Previous studies have found that caffeine can reduce the risk of some types of cancer, including non-melanoma skin cancer such as squamous cell carcinoma. In this study, inactive ATR had a similar effect to caffeine on skin cells after UV damage. The researchers conclude that this may suggest that caffeine’s UV protective effect, documented in previous studies, is due to ATR inhibition.

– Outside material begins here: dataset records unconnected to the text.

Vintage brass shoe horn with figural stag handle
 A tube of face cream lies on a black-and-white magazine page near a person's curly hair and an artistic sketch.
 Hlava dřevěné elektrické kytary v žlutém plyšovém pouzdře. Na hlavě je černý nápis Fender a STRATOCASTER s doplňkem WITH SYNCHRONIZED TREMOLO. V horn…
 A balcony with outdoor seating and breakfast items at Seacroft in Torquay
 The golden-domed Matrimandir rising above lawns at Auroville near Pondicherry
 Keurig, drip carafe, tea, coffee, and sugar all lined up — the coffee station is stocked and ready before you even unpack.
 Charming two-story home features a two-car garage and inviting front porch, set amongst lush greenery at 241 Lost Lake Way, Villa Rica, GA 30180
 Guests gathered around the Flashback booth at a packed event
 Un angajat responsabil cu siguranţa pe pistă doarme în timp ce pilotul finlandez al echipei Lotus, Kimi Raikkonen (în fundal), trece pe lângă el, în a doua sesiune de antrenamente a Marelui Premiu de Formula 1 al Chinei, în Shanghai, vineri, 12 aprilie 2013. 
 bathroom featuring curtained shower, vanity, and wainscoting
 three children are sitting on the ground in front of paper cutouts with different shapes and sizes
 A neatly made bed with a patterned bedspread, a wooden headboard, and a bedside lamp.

The researchers conclude that their findings (together with those of previous studies) “suggest the possibility that topical caffeine application could be useful in preventing UV-induced skin cancers”. However, it should be remembered that this is very early stage research, which has analysed tumour formation in genetically modified mice, and which has very limited implications. For example, the mice in this study were genetically engineered to model the rare genetic disorder of xeroderma pigmentosum – a condition in which people will quickly develop skin tumours after very low levels of UV exposure, and are hence not representative of the general population. Also, caffeine has so far only been demonstrated to have some potential for preventing non-melanoma squamous cell skin cancer. Squamous cell cancer, though also caused by UV-light exposure, is a slow-growing cancer that can usually be completely cured using surgical removal. It is very different from malignant melanoma skin cancer, a very aggressive cancer that can spread very quickly and carries a high mortality risk unless treated early.
Given the current level of study, and given that caffeine has been only demonstrated to have an effect against non-melanoma skin cancer, much further laboratory and human study would be needed before it is known whether a caffeinated sunscreen could have any potential.